God is sovereign. He does as he pleases. This comforts some people—and terrifies others.
If you have lost a child or a spouse, especially in a sudden or unexpected way, “God scares me to death” might sound familiar. If you have had any close brush with death, this might sound familiar too. You are vulnerable. Images of God as protector are now meaningless. Instead, at any moment, the worst possible event could befall you, and there is nothing you can do to stop it. It might seem that you have already endured his worst and there is nothing of value left to take, but you know there could be other worsts that you cannot even conceive of. God terrifies you.

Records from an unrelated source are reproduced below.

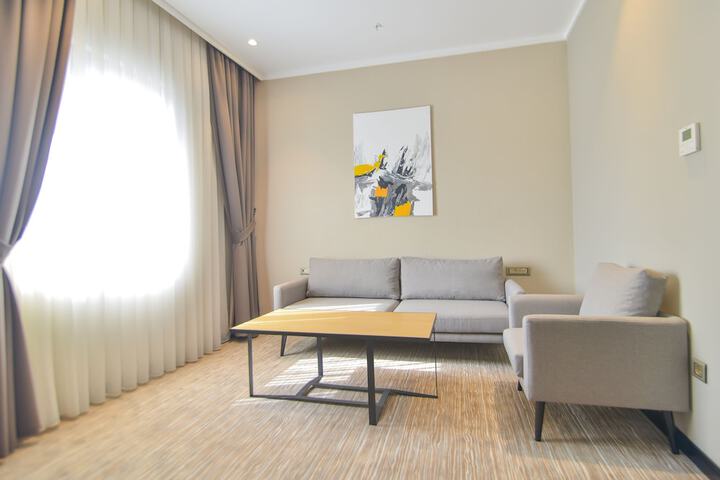 Room 16 of 36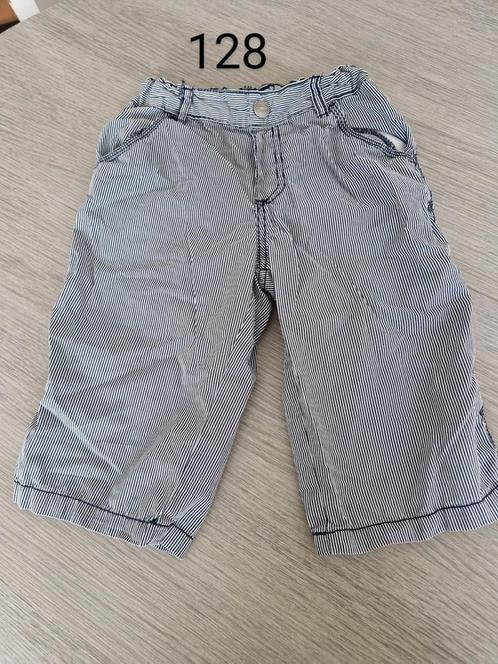 Korte broek maat 128 gestreept dopodopo, Kinderen en Baby's, Kinderkleding | Maat 128, Zo goed als nieuw, Jongen, Broek, Ophalen of Verzenden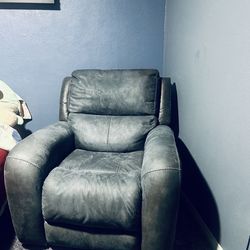 Recliner-(Electrical) charges your cell too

You are not only terrified of God. You also continue to believe he loves you and is with you by the Spirit. You still believe that nothing will separate you from him. But there is this new place in your heart: God terrifies you. And it has taken up residence. Meanwhile, the people around you do not seem to be particularly terrified of God. If they are, no one is saying so.
For friends. Let’s acknowledge that we are substandard comforters of those who grieve. We might be attentive for the first week after someone we know well has lost a child, but we assume that everyone then moves on. So, today, reach out and say, “my heart still breaks over the loss of your child.” Men, of which I am one, are especially unskilled at this care, both giving it and receiving it.
Say something. Say something.
For you who have endured great loss. Some words are harder to acknowledge than others. “It still hurts” is easier to say than, “I am undone,” which is easier to say than, “God terrifies me.” The first seems more acceptable, more orthodox, than the last. But others who were identified as righteous have said it before you.
Therefore I am terrified at his presence; when I consider, I am in dread of him. God has made my heart faint; the Almighty has terrified me. (Job 23:15–16)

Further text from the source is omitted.